The $30 Million Grocery Store That Has NYC Scratching Its Heads
If you live in New York City, a dollar of your tax money is being lined up to help build a single grocery store. Not a chain. Not a network. One store. The proposed location is La Marqueta in East Harlem, and the price tag being floated is roughly $30 million. Mayor Mamdani is pushing it as a signature piece of a broader city-owned grocery plan, and it is worth asking, at that price, what are taxpayers actually getting.
For context, $30 million is roughly what NYC spent building out multi-building affordable housing complexes just a few years ago. It is what some outer-borough school renovations cost. It is enough to fund a decent chunk of the Staten Island Ferry’s annual operating budget. And here it is being allocated to one grocery store, in one neighborhood, to serve one catchment area.
The Math Does Not Add Up
The average Whole Foods build-out runs between $3 and $5 million. A typical supermarket of the size being discussed for La Marqueta, done privately, would cost between $4 and $8 million fully loaded. So where does the extra $20 plus million go? That is the question nobody at City Hall has answered cleanly.
Part of it is the building itself. La Marqueta has structural issues that need addressing before any retail tenant can move in. Part of it is the city procurement premium, which tacks 20 to 40 percent onto any municipal construction project compared to private sector equivalents. Part of it is consultants, planners, and the web of studies that come attached to any city-run capital project. Even stacking all that together, $30 million for a single grocery store raises eyebrows.
Who Actually Benefits
The stated goal is food access in a neighborhood that has had grocery desert problems for years. That is a real issue worth solving. The question is whether a $30 million city-owned store is the cheapest or most effective way to solve it.
Alternatives that have worked in other cities include subsidized leases for private grocers, tax abatements for supermarkets opening in underserved areas, and mobile market programs that cost a fraction of a permanent store. Some of these have delivered food access at a tenth of the per-resident cost. None of them were considered seriously in the La Marqueta proposal.
What This Means for NYC Homeowners and Renters
Every dollar the city spends comes from somewhere.

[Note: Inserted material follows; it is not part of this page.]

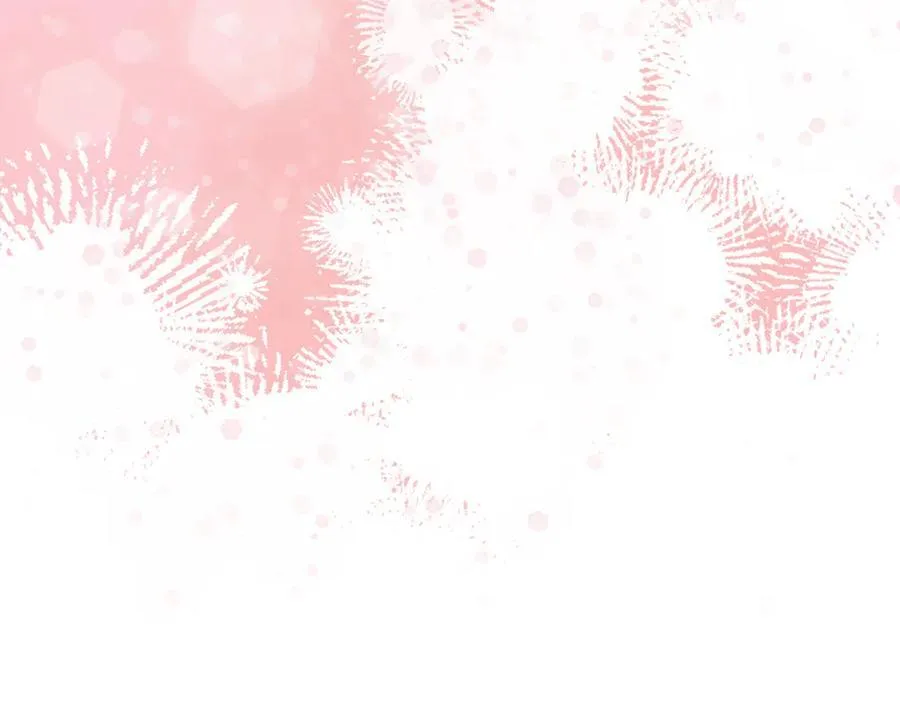 第342页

That somewhere is property taxes, sales taxes, and state aid that is ultimately backed by city revenue. When a single grocery store absorbs $30 million, that is $30 million not going to street repairs, not going to park maintenance, not going to the housing programs that actual NYC homeowners and renters depend on.

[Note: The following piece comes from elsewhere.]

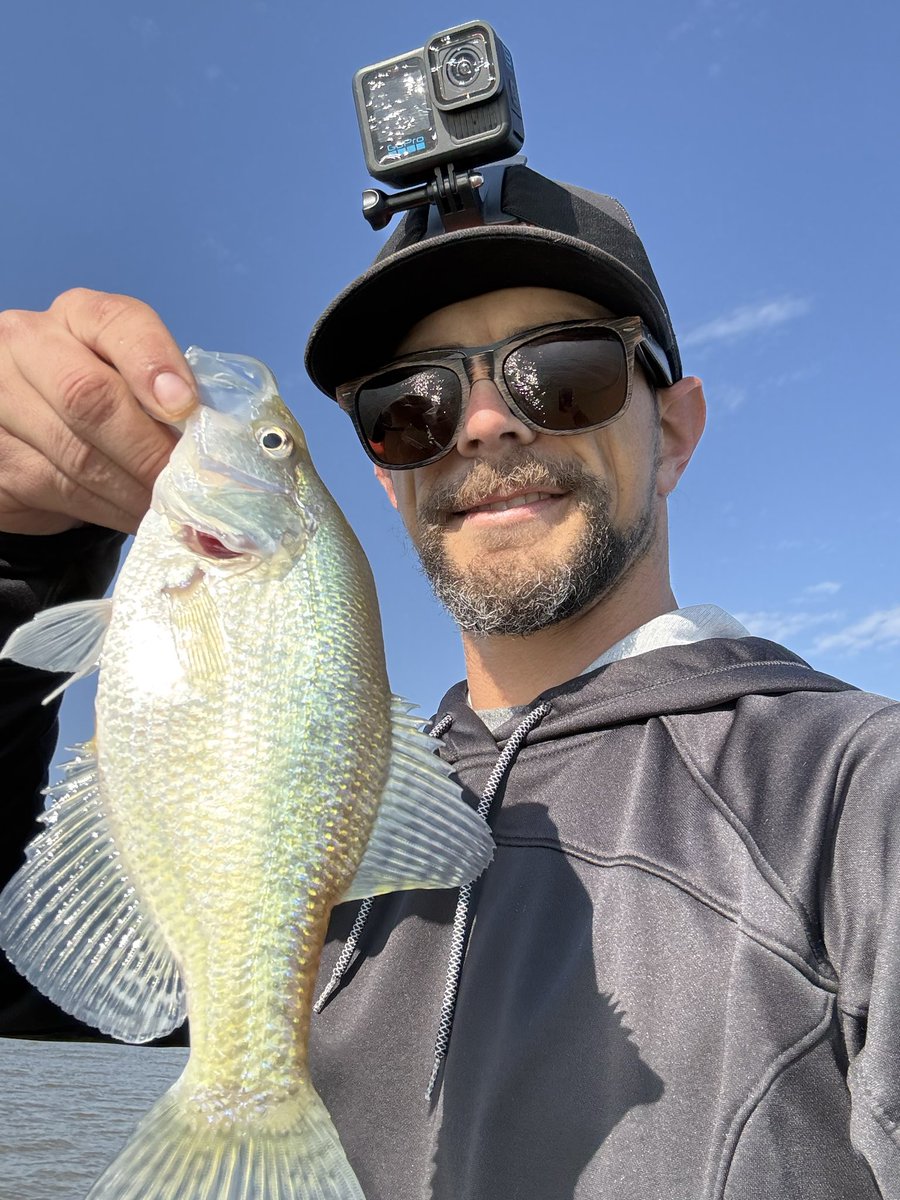 CodyAlanBlack tweet media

For Staten Island and Brooklyn residents in particular, this matters because your tax dollars are funding a project in a neighborhood you will probably never shop in. Meanwhile, the same kinds of food access challenges exist in parts of North Shore Staten Island, East Brooklyn, and other corners of the outer boroughs where a similar investment could have served far more residents for far less money.
The Bigger Question
Should the city be in the grocery business at all? Private grocers, even with their flaws, have built the most efficient food distribution system in human history. When the city decides to compete, it usually does so at 2 to 3 times the cost per unit delivered, which is what you are seeing play out at La Marqueta in real time.

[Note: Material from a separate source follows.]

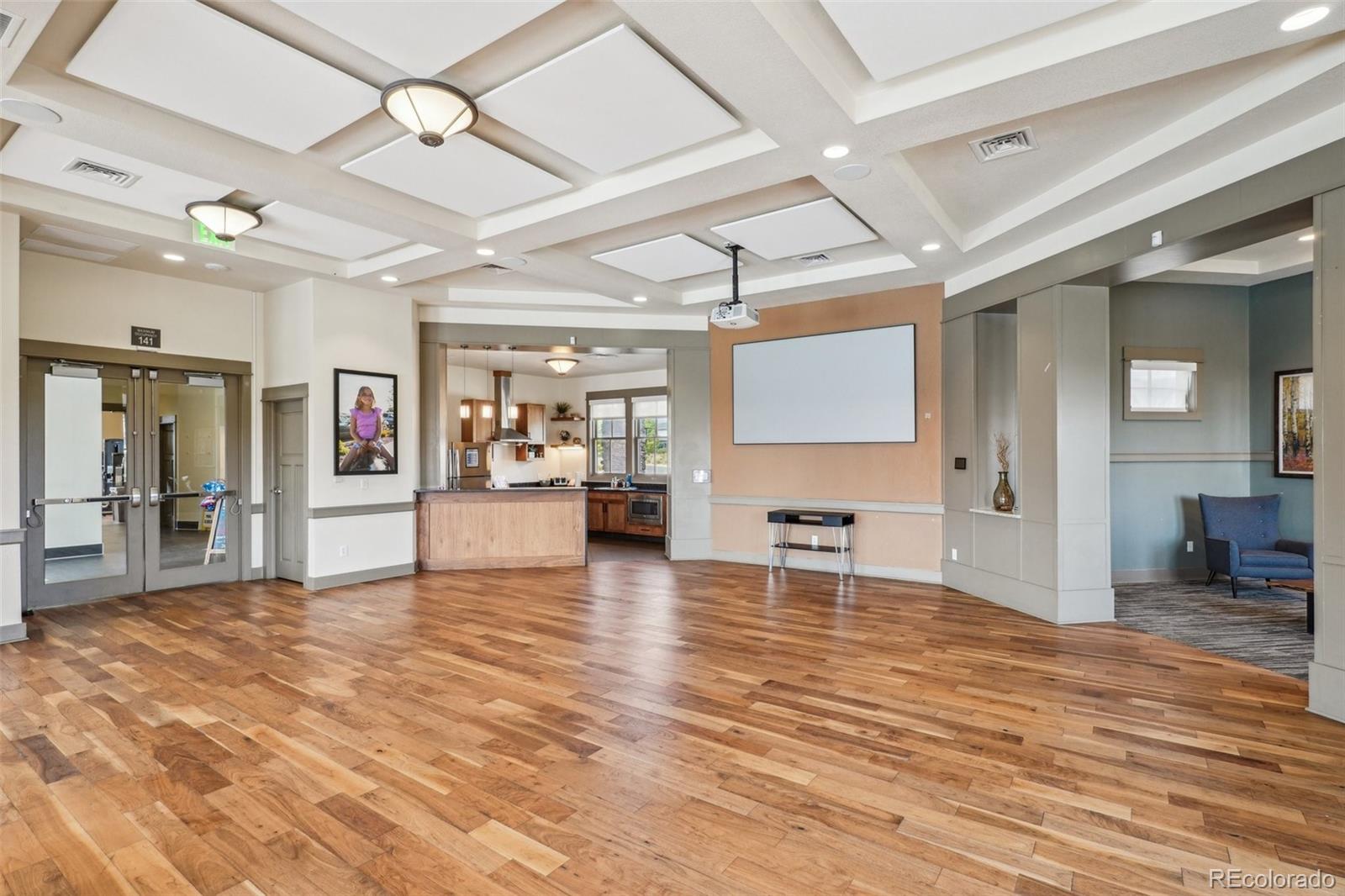 19733 W 93rd Lane Unit: A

There is a version of this plan that could work. A smaller, leaner, privately operated store with a city-subsidized lease, focused on underserved blocks, could deliver more food access for a fraction of the cost. That is not what is on the table. What is on the table is a $30 million flagship with numbers that do not survive basic scrutiny.
If you own property in NYC or pay rent here, this is your money. It is worth asking hard questions before the shovels break ground.